His weapon is a sharp blade on one of the legs of his camera tripod,
making the camera itself literally deadly.
Mark’s shell is cracked by Helen
(Anna Massey), a young woman who rents a room with her blind mother
in his home. Helen was not even aware that Mark was her landlord, as
he inherited the house from his father and lives in a room like one
of the tenants. Helen begins a romance with Mark, not knowing that
he’s a killer, but knowing that he’s been damaged by his father
and wanting to help him form a more normal relationship. We already
know Helen’s attempts to get through to him are doomed though, and
that Mark is too far gone.
Mark commits three murders over the
course of the film, and it’s to the film’s credit that director,
Michael Powell manages to make each one unique. The first murder,
and the only one in which we see the moment of death (despite the
lack of blood) is a prostitute who Mark kills simply because she was
a convenient victim. The second is a woman who works as a stand-in
on the studio film Mark is working on. This murder follows an
elaborate dance sequence, as she thinks she’s helping Mark make a
movie of his own.
The final murder seems to be a sort of
suicide-by-cop scenario. Mark knows that he’s been followed by the
police, and kills one of the nude models he works with during a
session, apparently with the intent of leading the police to him.
This murder we’re never shown at all, Mark closes the shutters,
approaches the woman and the scene fades to black. He then creates a
finale for what he calls his “documentary” by killing himself on
his own tri-pod blade while the cameras roll.
This finale is complicated by Helen’s
discovery of his films. She attempts to convince Mark to give
himself up to the police rather than go through with his suicide.

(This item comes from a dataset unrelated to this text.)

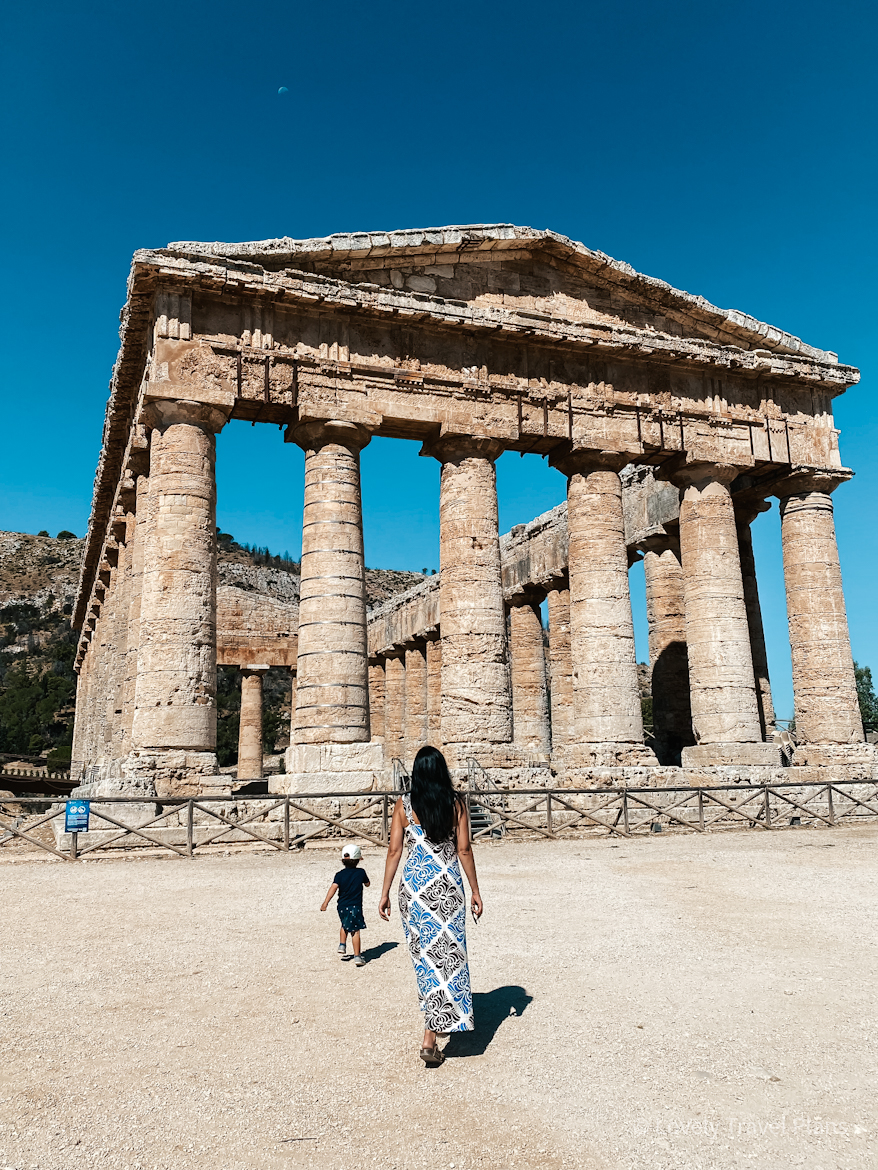 Ruta por Sicilia en 7 días: Templo griego de Segesta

These scenes should be required viewing in Film School for how to do
exposition correctly. Mark gives Helen a lecture on his theory that
the scariest thing in the world is fear itself, and shows her the
mirror he makes his victims look into. However, this doesn’t come
across as a data-dump, as we’re shown Helen’s desperation to know
and Mark’s reluctance to expound, giving emotional weight to the
revelation. We’re shown what’s significant to him and what
drives him as a character, rather than simply being given a bland
explanation of what has happened.
The scene that the movie is best known
for is likely Helen’s mother (Maxine Audley) breaking into Mark’s
apartment to talk to him. We believe Mark is going to kill her, but
she’s unable to see what’s on his films, and he eventually lets
her go. However, the two of them create a dynamic that’s like fire
and ice. Mark is obsessed with the visual and lacks emotional
connections, while the mother (she’s never identified by name) uses
her other senses to understand Mark in a way no one else does, seeing
him as a danger to her daughter and asking him to leave her alone.
She can tell by his movements and by his tone that he’s dangerous,
sneaky and up to no good. You could debate whether she knows he’s
a murderer, but I feel she did. When Mark promises never to film her
daughter, she says she doesn’t want him to get the chance,
indicating she knows that he kills the women he films.
This movie infamously destroyed Michael
Powell’s career because it was considered so shocking in 1960. I
don’t think that it’s ‘shocking’ today, but it is
legitimately frightening. It’s a horror movie about ideas, in
which the killer is aware of his own twisted mind. Not in a
self-serving or self-justifying way, he never attempts to justify his
actions, but rather, as an acceptance of himself as evil.
This is an amazing movie. If you don’t
see it, then you’ve done yourself a great injustice. Never let me
say that a movie is “not simply horror,” as I would never seek to
marginalize my own favorite genre. However, this is indisputably a
great film. It’s not a “Slasher” film by my definition, but
it’s up there with Psycho in the annals of horror.